The Errors
We recently encountered an issue with our VCSA appliance. We first noticed it because the backups for the weekend failed and upon further inspection, it appeared that the appliance failed. The login screen had a cryptic error. A reboot of the appliance seemed to work initially, but once I logged into vCenter, no hosts were being displayed.I then decided to SSH into the appliance and was able to check the services. What I noticed was that a number of them were in a downed state. The command to restart all of them did not work. If you would like to check the status of services, run the following command from your SSH prompt:
service-control --status
If you want to attempt to start all the downed services, run the following command from SSH:
service-control --start --all
In my case, that command was unable to get the other services to start. My solution was to start them individually and that seemed to do the trick. To start services individually, run the following command from the SSH prompt:
service-control --start servicename
Once I ran the command on multiple downed services, I got the appliance to work once again - or so I thought! The fix only lasted for a few minutes. After failing to run the failed backups, the login screen started displaying the same cryptic message as before.

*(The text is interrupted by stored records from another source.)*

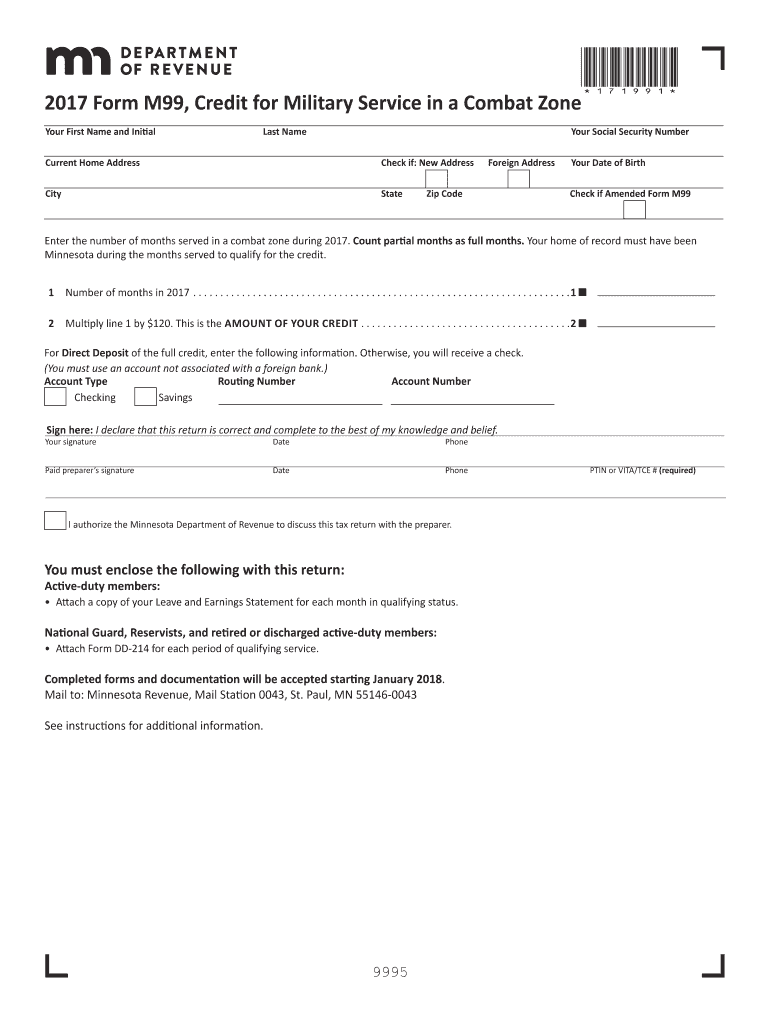  M99 Form 2017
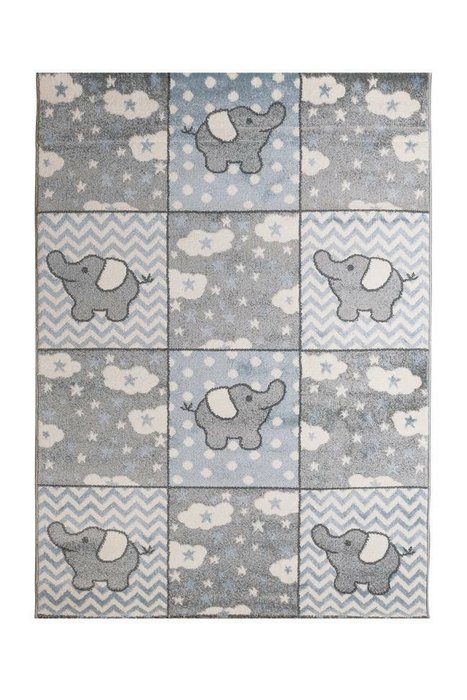 Ковер детский Kids Elephants 80х150 серо-голубого цвета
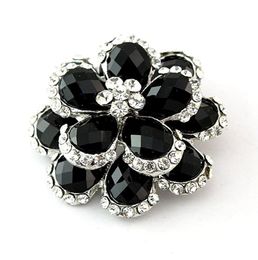 SILVER COLOR CLEAR CRYSTAL and BLACK STONE FLOWER BOUQUET BROOCH PIN9340489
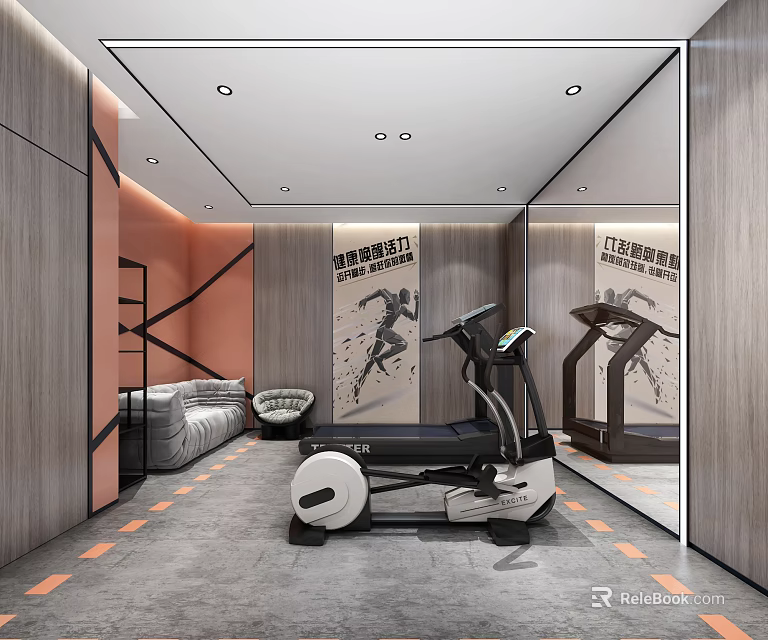 Modern Entertainment Room Interior With Treadmill Sofa Mirror And Stylish Decor 3d model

It was at this point that I started looking into the VCSA Appliance Management interface. It was here that I noticed that some services were down and that one of the partitions was almost full.
The Fix
Once I realized the database partition was nearing capacity, I looked into expanding it just to see if that was the root cause and hoping it would fix the issue. In my case, Hard disk 8 (/seat partition) was at 90%+ and originally sized at 10GB. If you're in a bind, you can grow the VCSA disk by going to the host where the virtual server is running and adding space to that disk. Once the space has been added, you will need to run a command in VCSA via SSH. Log in to your appliance and run the following command to allocate the newly added space to the seat partition.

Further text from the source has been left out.